§ **Source data**:
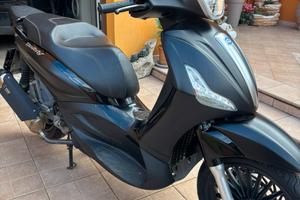 Piaggio beverly 125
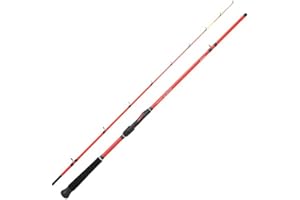 DAIWA Canne à Pêche Eging Sensor Boat Squid - 2.1m - 228g - P.30-150g - Enc.110cm - Jigging - Calmar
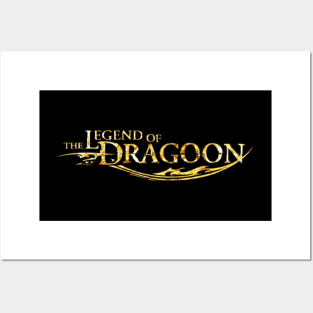 Legend of Dragoon Posters and Art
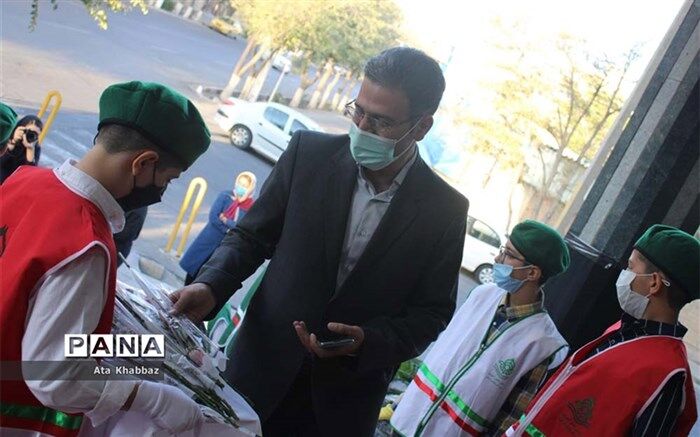 زمینه‌سازی تربیت اسلامی دانش‌آموزان از اهداف مهم جذب و سازماندهی پیشتازان
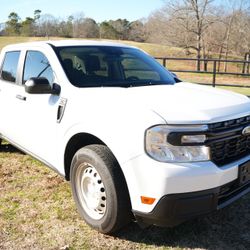 2024 Ford Maverick Hybrid 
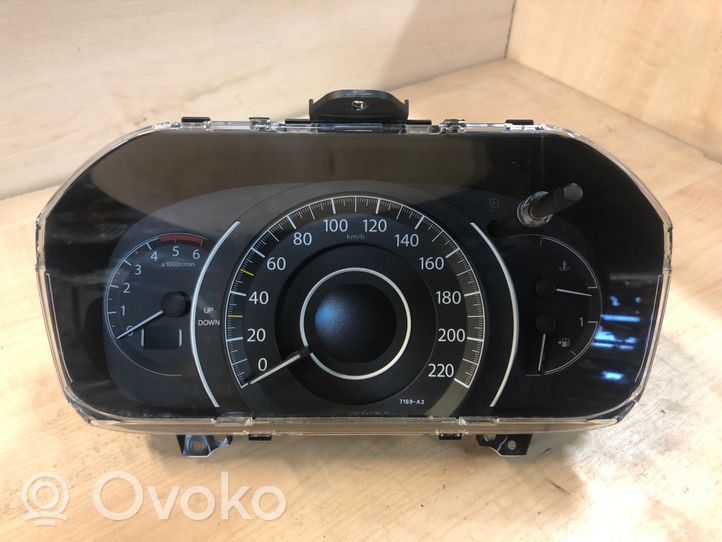 Honda CR-V Speedometer (instrument cluster) HR0408689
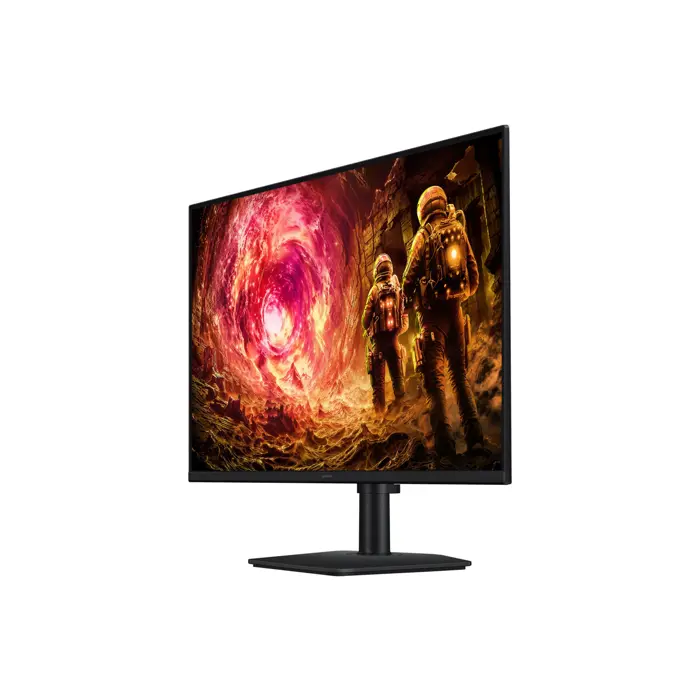 Samsung G50F computer monitor 81.3 cm (32") 2560 x 1440 pixels Quad HD LCD Black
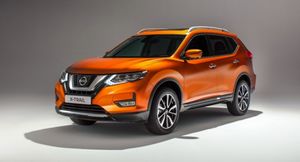 Четвертое поколение Nissan X-Trail готовится к выходу на европейский авторынок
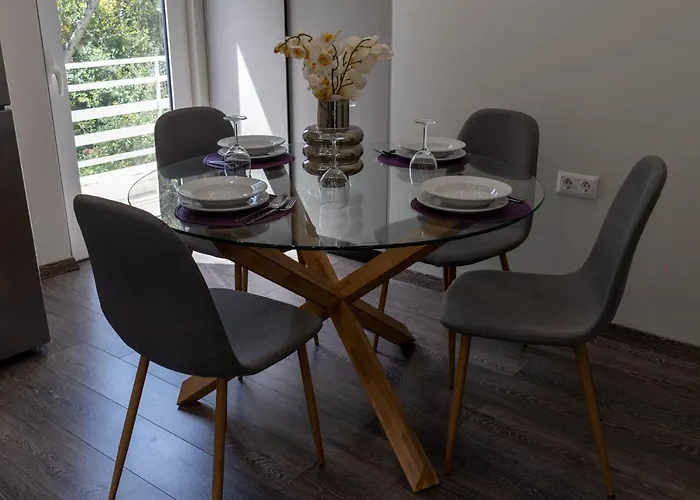 Daire Mini City Getaway *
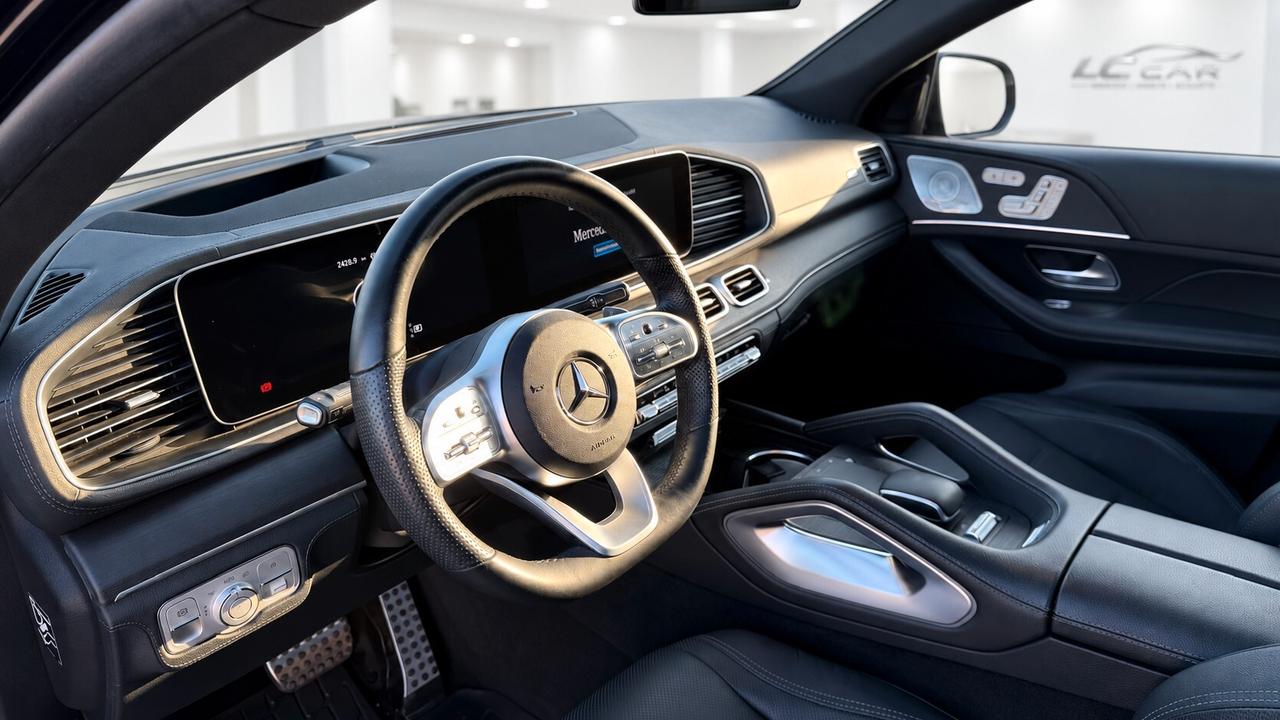 Mercedes-benz GLE 400 d 4Matic Coupé Ultimate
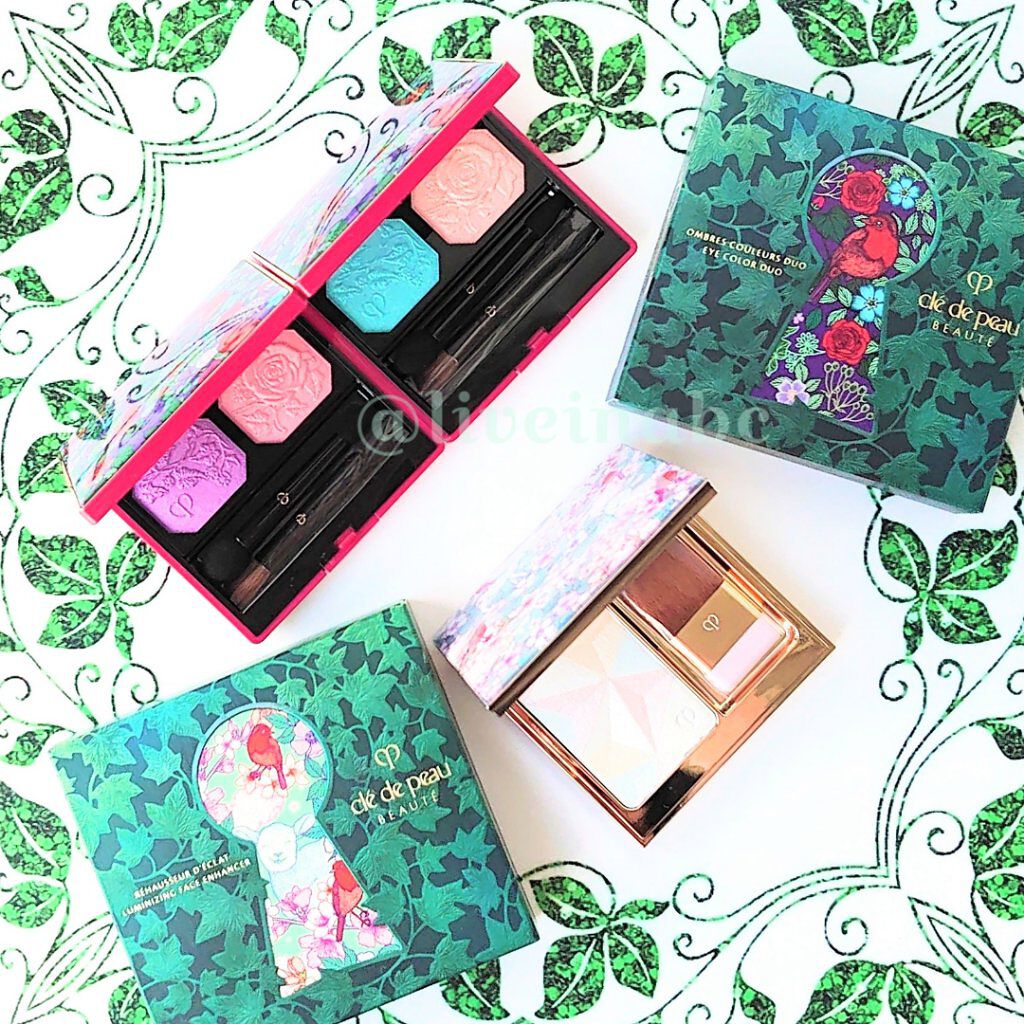 クレ・ド・ポー ボーテ レオスールデクラ/クレ・ド・ポー ボーテ/パウダーハイライトを使ったクチコミ（1枚目）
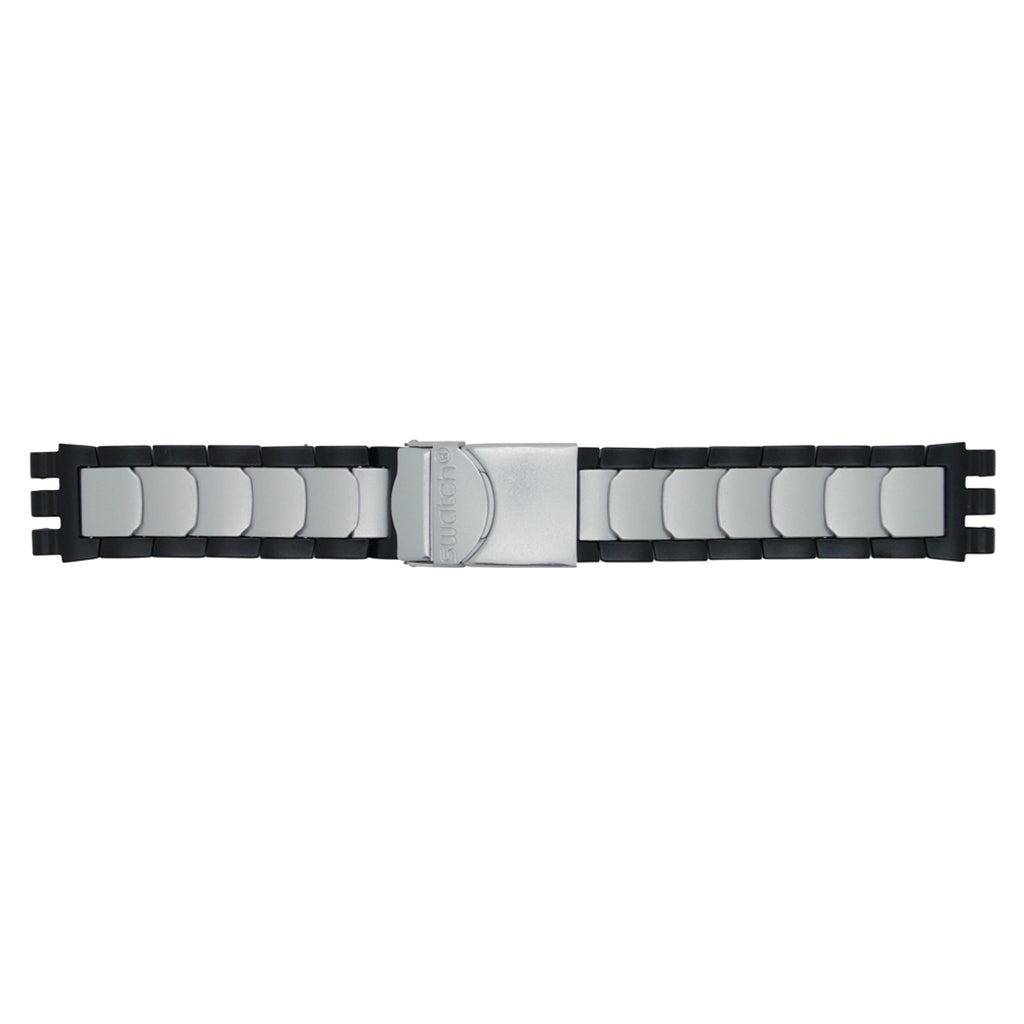 Swatch Ersatzband Dual Metal AYCB4007AG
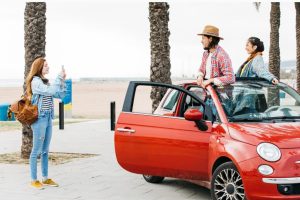 Find where to rent cars of different ranges in Cancun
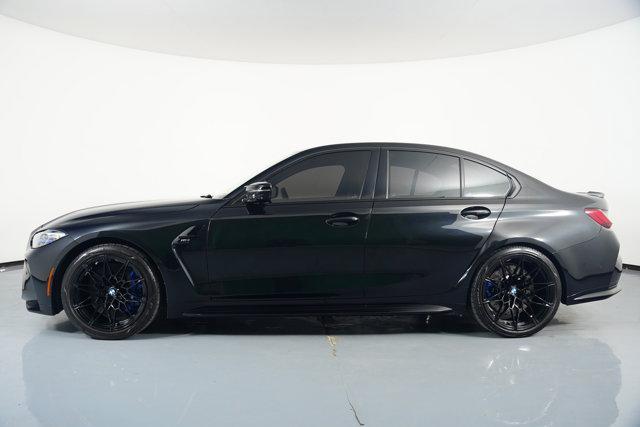 used 2023 BMW M3 car, priced at $78,998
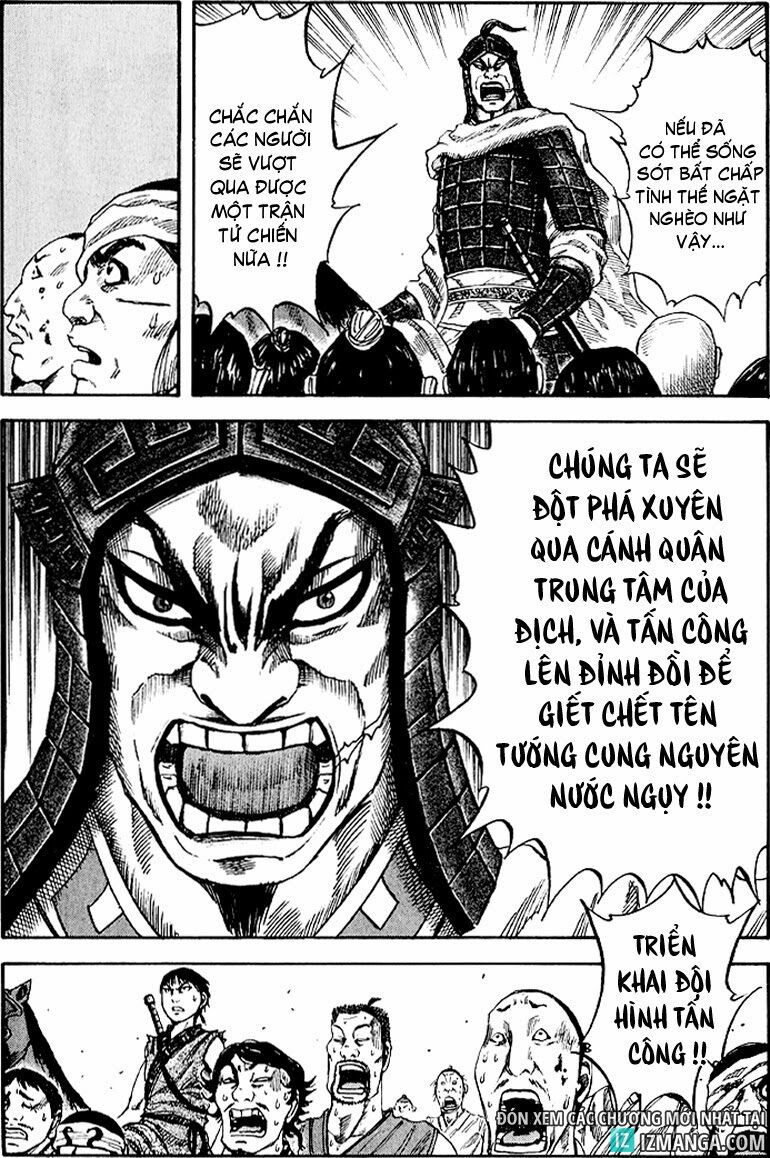 kingdom - vương giả thiên hạ chapter 59 17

§ **Task prompt**:
Only the pictures are to be dropped; the rest of the material above must be duplicated exactly.

§ **Answer box**:
 Piaggio beverly 125
 DAIWA Canne à Pêche Eging Sensor Boat Squid - 2.1m - 228g - P.30-150g - Enc.110cm - Jigging - Calmar
 Legend of Dragoon Posters and Art
 زمینه‌سازی تربیت اسلامی دانش‌آموزان از اهداف مهم جذب و سازماندهی پیشتازان
 2024 Ford Maverick Hybrid 
 Honda CR-V Speedometer (instrument cluster) HR0408689
 Samsung G50F computer monitor 81.3 cm (32") 2560 x 1440 pixels Quad HD LCD Black
 Четвертое поколение Nissan X-Trail готовится к выходу на европейский авторынок
 Daire Mini City Getaway *
 Mercedes-benz GLE 400 d 4Matic Coupé Ultimate
 クレ・ド・ポー ボーテ レオスールデクラ/クレ・ド・ポー ボーテ/パウダーハイライトを使ったクチコミ（1枚目）
 Swatch Ersatzband Dual Metal AYCB4007AG
 Find where to rent cars of different ranges in Cancun
 used 2023 BMW M3 car, priced at $78,998
 kingdom - vương giả thiên hạ chapter 59 17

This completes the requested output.